Der Angeklagte selbst hatte seine Schuld im gesamten Prozessverlauf bestritten. Er verwies darauf, dass er mit den beiden Frauen immer noch Kontakt habe. Diejenige, die das Schlafmittel bekommen hatte, wollte sogar die Anzeige gegen ihn zurückziehen, auch wenn sie vor Gericht erklärte, mit den Handlungen des Angeklagten “nicht einverstanden” gewesen zu sein. Die zweite Frau gab vor Gericht an, von den Handlungen nichts mitbekommen zu haben.
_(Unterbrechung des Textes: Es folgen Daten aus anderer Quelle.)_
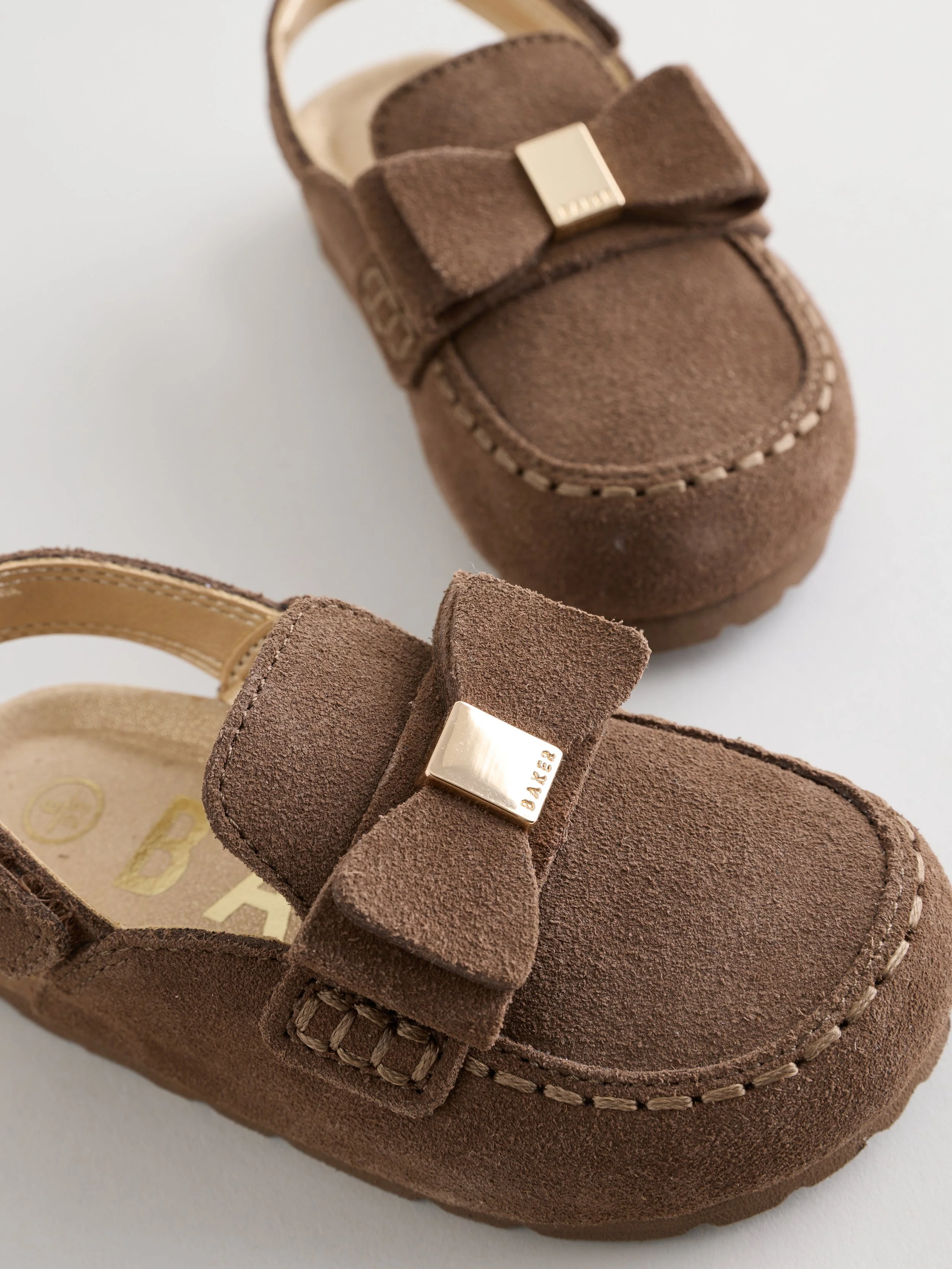 Close-up of a brown suede moccasin shoe with a decorative bow and metallic hardware on the instep, against a white background.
Ihre Zustimmung habe sie aber auch nicht gegeben. “Tschuldigung!”, meinte sie noch beim Verlassen des Saales zum Angeklagten. Für die Staatsanwältin war klar, dass es zwischen den Frauen und dem Mann ein “Abhängigkeitsverhältnis” gegeben habe, das dieser ausgenutzt habe.

“Besondere Missachtung der Menschenwürde”
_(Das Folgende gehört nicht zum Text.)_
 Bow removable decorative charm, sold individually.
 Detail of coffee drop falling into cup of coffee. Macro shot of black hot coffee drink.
Der Schöffensenat unter Vorsitz von Richter Gernot Kugi sprach den Mann nach kurzer Beratung schuldig. Weil der 63-Jährige auch besonders erniedrigende Handlungen gesetzt habe, hatte sich der Strafrahmen auf fünf bis 15 Jahre ausgeweitet. Die Schuld sei klar erwiesen: Die Verabreichung des Schlafmittels sei nur in jenem Zeitfenster möglich gewesen, in dem die betroffene Frau bei ihm in der Wohnung gewesen sei. Dass er die Taten auch noch gefilmt habe, sei den Ermittlungen zugute gekommen. Und generell liege hier eine “besondere Missachtung der Menschenwürde” und ein “besonders hoher sozialer Störwert” vor, etwa indem die Taten direkt neben einem schlafenden Baby gesetzt wurden. Es gebe keinen Zweifel, dass der Mann “gezielt K.O.-Tropfen eingesetzt habe”, außerdem habe er auch selbst zugegeben, dass es keine Einwilligung der Frauen gegeben habe.

Der Angeklagte meldete Nichtigkeitsbeschwerde und Berufung an. Staatsanwältin Zupanc gab keine Erklärung ab.